[03/01/2008] Energia

E intanto oggi altri 7 morti in un assalto a un pozzo petrolifero nel Delta del Niger

LIVORNO. Il prezzo del petrolio ha raggiunto per la prima volta i 100 dollari al barile, spinto dalla domanda ma anche dalle preoccupazioni per l’annuncio dell’Opec sulla sua incapacità di fornire petrolio a sufficienza entro il 2024 e per l’insicurezza e l’instabilità della situazione nigeriana dove l’ennesimo assalto di gruppi armati ribelli del Delta del Niger, stavolta con 4 poliziotti e tre civili uccisi, è arrivato direttamente a Port Harcourt, nel cuore petrolifero.

Il caso della Nigeria, il principale produttore di petrolio dell’Africa sub-sahariana e con notevoli riserve di gas (mal sfruttate e dissipate dalle “torce”) è emblematico, visto che nel Paese manca il carburante e sono frequenti furti di petrolio direttamente dalle condutture, con frequenti esplosioni ed incendi che fanno strage dei “ladri” che si riappropriano così di risorse che finiscono all’estero senza nessuna ricaduta economica locale ma con un diffuso inquinamento.

Guerriglia, povertà, secessionismo etnico e devastazione ambientale hanno creato una miscela esplosiva ed una delle proposte per tentare di disinnescarla è quella di chiamare gli investitori stranieri a costruire raffinerie in Nigeria per produrre diesel e benzina direttamente sul suolo nigeriano profittando dell’industria petrolifera.

Alhaji Sani Babura, responsabile dell´Associazione dei commercianti indipendenti di petrolio della Nigeria (Ipman) ha detto che «gli investimenti privati nelle raffinerie favoriranno lo sviluppo dell’economia nazionale. Se gli investitori locali non sono capaci di costruire delle raffinerie, l’intervento straniero costituirà una soluzione ai problemi legati al trattamento del greggio nigeriano. L’investimento straniero creerà posti di lavoro e darà agli uomini d’affari nigeriani l’opportunità di acquistare delle azioni nelle raffinerie».

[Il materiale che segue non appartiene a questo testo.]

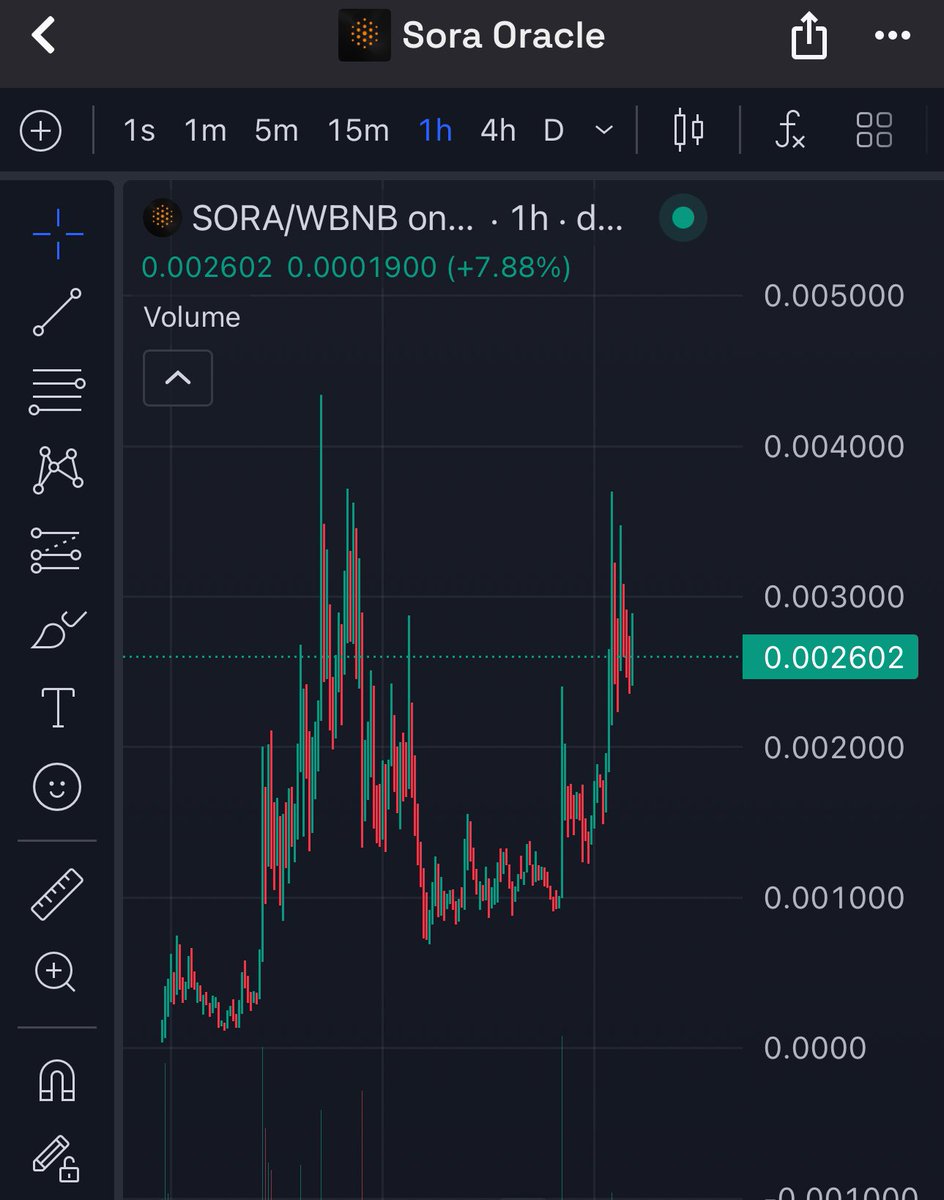 CryptoExpert101's tweet image. U know what i noticed? There is Only one oracle on @BNBCHAIN and that is $sora which went parabolic and hit 4m+

DelphAi a beta oracle hit 500k+ but later rugged.

There has to be a new oracle soon on bsc?

Prob won’t do as good as $sora but would still run. Who is building it?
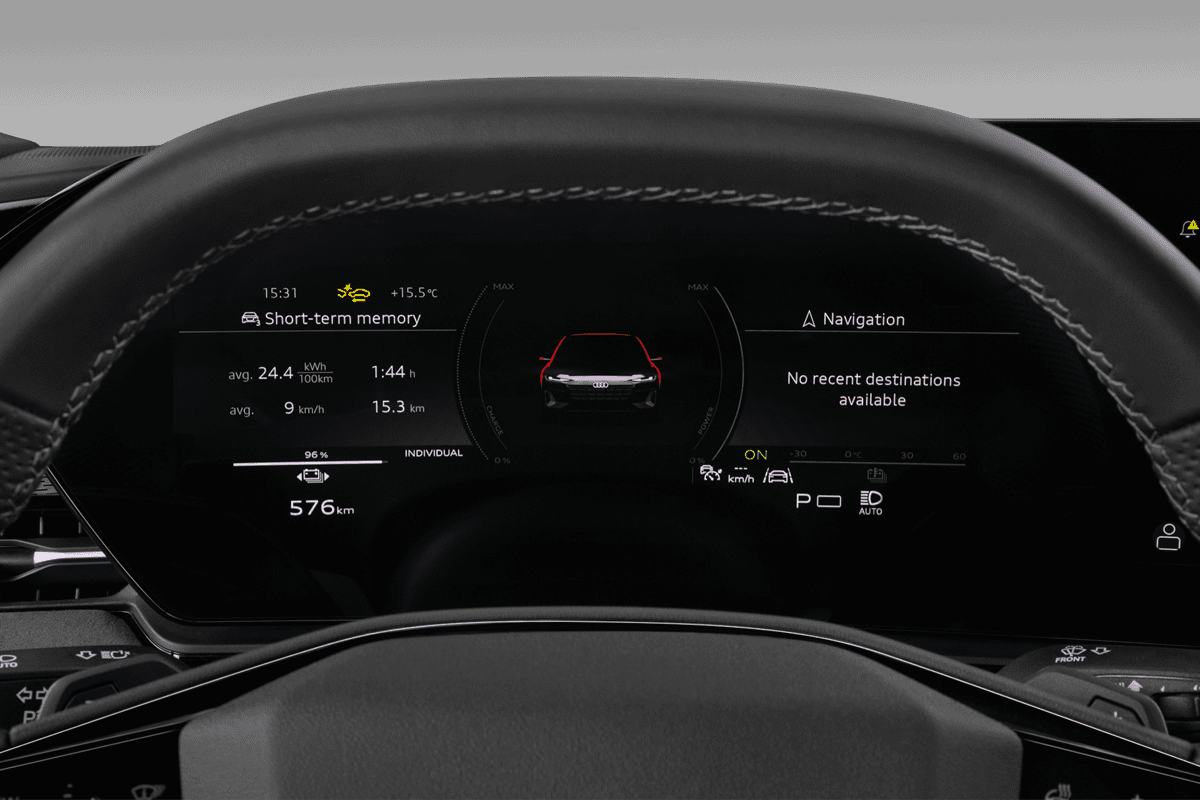 Kombiinstrument eines Audi S6 Avant e-tron 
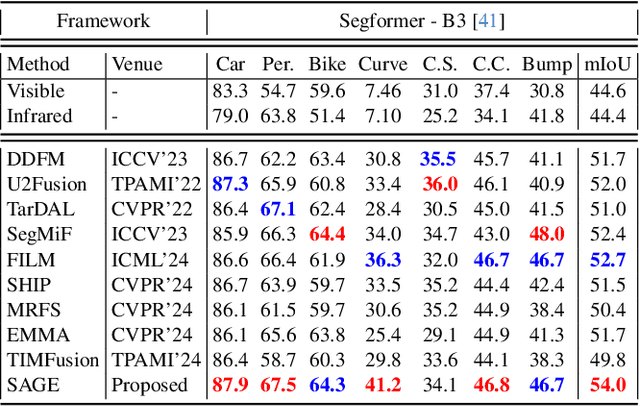 Figure 4 for Every SAM Drop Counts: Embracing Semantic Priors for Multi-Modality Image Fusion and Beyond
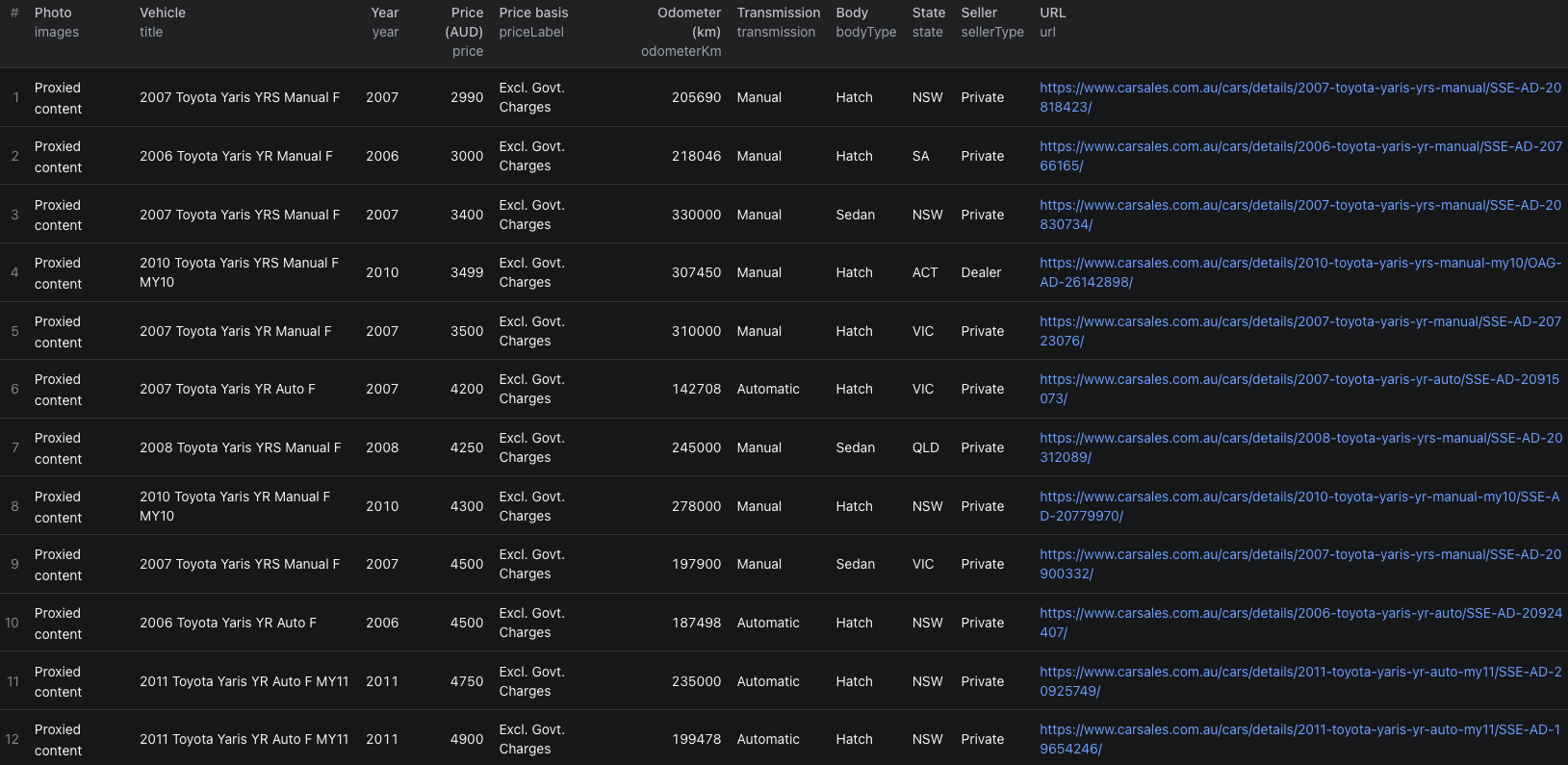 Carsales listing rows in Apify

Dall’Ipam viene anche un appello ai nigeriani a sostenere il governo centrale per cercare una soluzione durevole alla crisi del Delta del Niger (che secondo i ribelli sono state create proprio dalle politiche governative) per attrarre i vantaggiosi investimenti stranieri nella regione petrolifera nigeriana.

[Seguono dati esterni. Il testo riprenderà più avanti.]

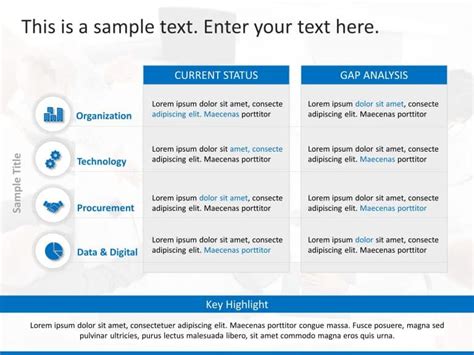 Current State Gap Analysis PowerPoint Template | SlideUpLift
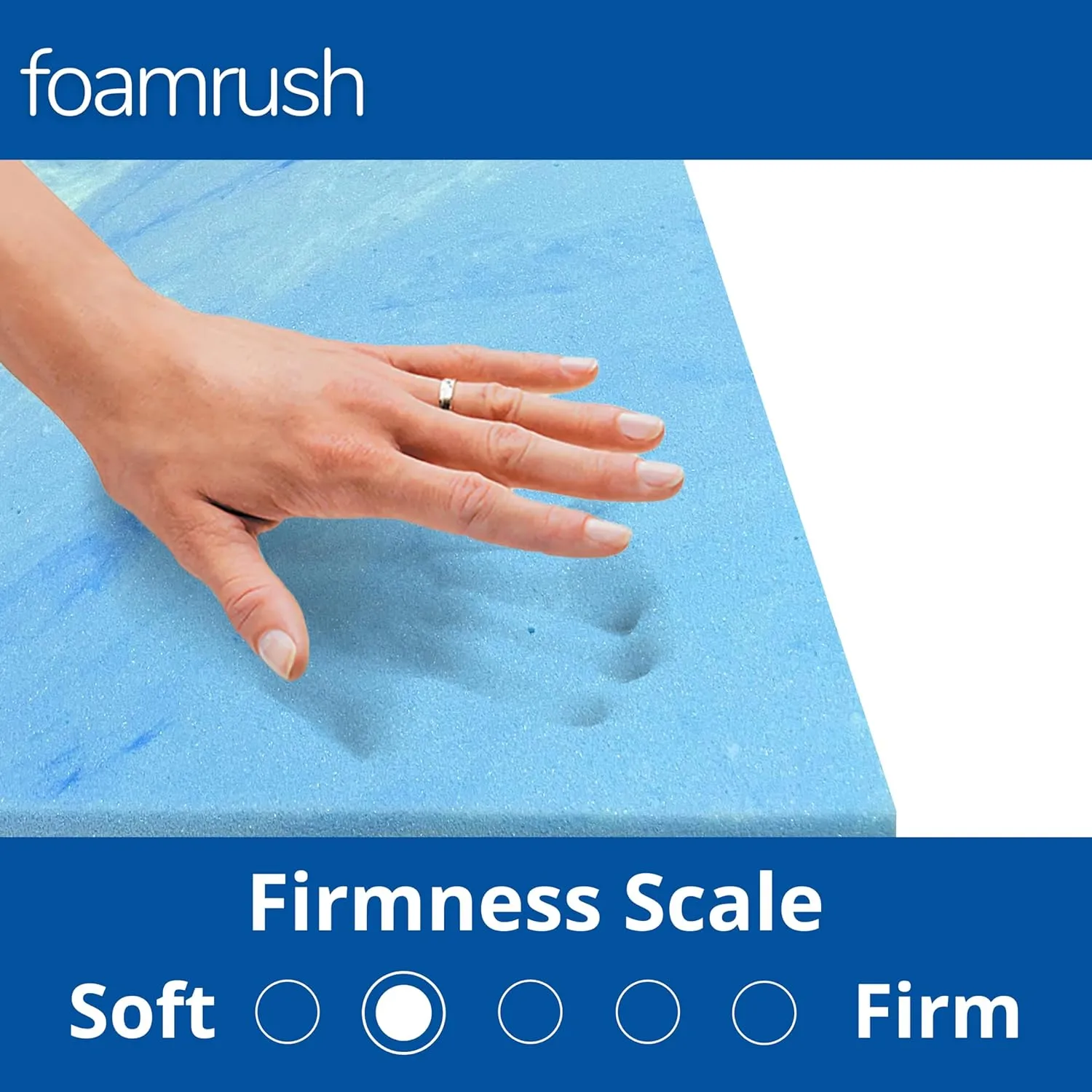 FoamRush 2 x 24" x 27" Gel Only Upholstery Firm Foam Soft Support (Chair Cushion Square Foam for Dinning Chairs, Wheelchair Seat Cushion Replacement)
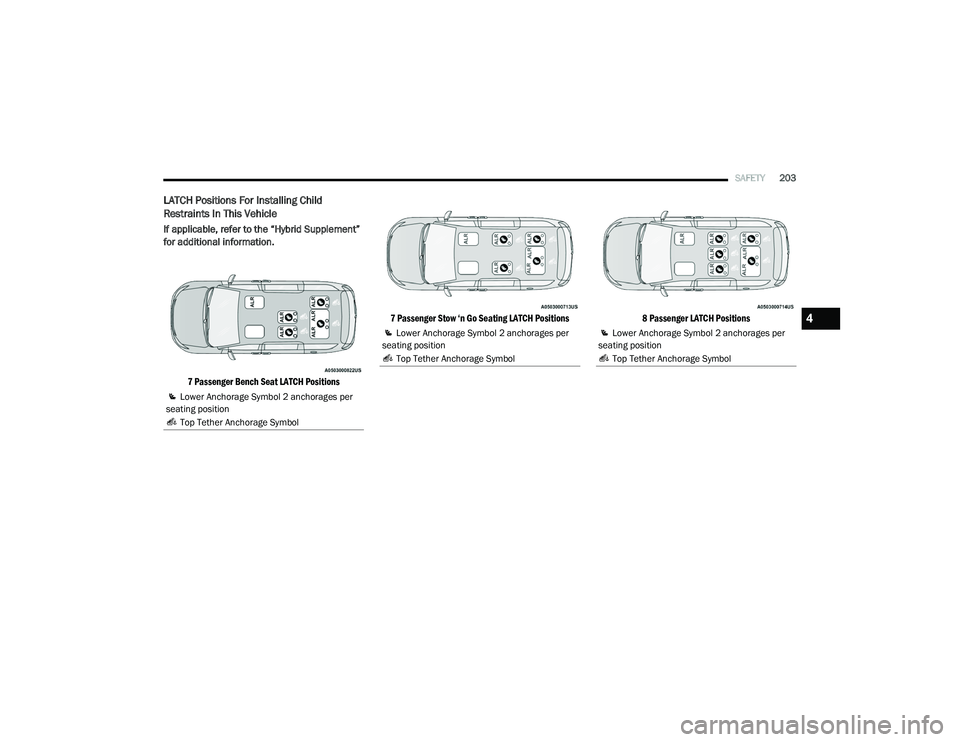 CHRYSLER PACIFICA 2020 Owners Manual
SAFETY203
LATCH Positions For Installing Child
Restraints In This Vehicle
If applicable, refer to the “Hybrid Supplement”
for additional information.
7 Passenger Bench Seat LATCH Positions 7 P CHRYSLER PACIFICA 2020 Owners Manual
SAFETY203
LATCH Positions For Installing Child
Restraints In This Vehicle
If applicable, refer to the “Hybrid Supplement”
for additional information.
7 Passenger Bench Seat LATCH Positions 7 P
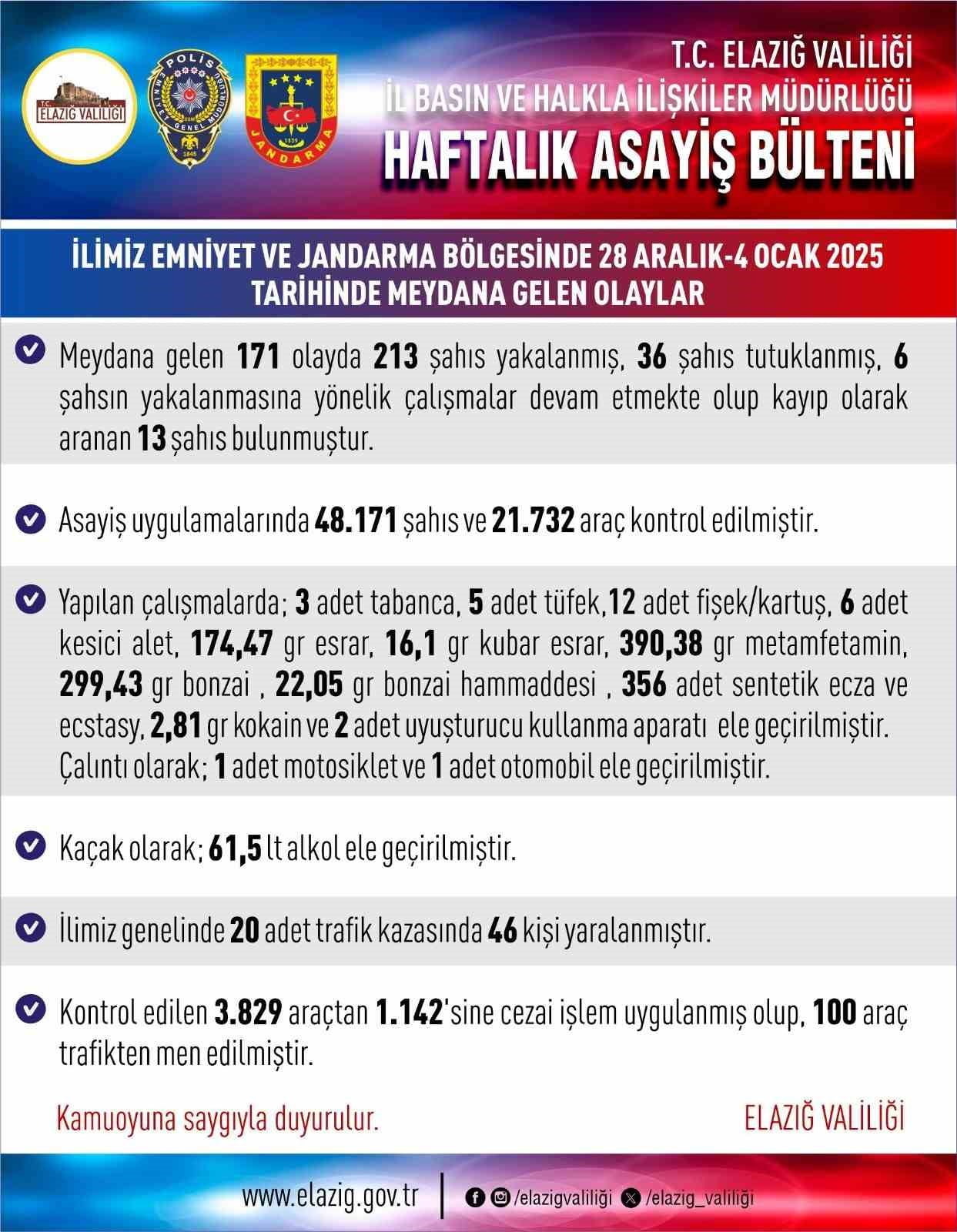 ELAZIĞ'DA BİR HAFTADA MEYDANA GELEN 171  ASAYİŞ OLAYINDA 213  ŞAHIS YAKALANIRKEN 13 ŞAHIS...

Un ragionamento prettamente economicista, che guarda a risorse di petrolio e gas sempre più preziose che appaiono sempre più svendute e mal gestite e sulle quali vorrebbe mettere le mani e dire la sua una classe imprenditoriale nigeriana finora ai margini del banchetto economico mondiale. Ma che non tiene conto dei nodi politici, etnici e religiosi che ingarbugliano fin dall’indipendenza nigeriana la vicenda del Delta del Niger. Imprenditori che devono anche fare i conti con un movimento diffuso di protesta e di rivalsa che, al di la delle punte estreme dei sequestri e della guerriglia autonomista, vede un’intera popolazione protestare contro l’invadenza delle compagnie petrolifere straniere, viste come complici e mandanti di un governo federale centrale che permette la rapina le risorse petrolifere e non ridistribuisce i guadagni tra i popoli del Delta.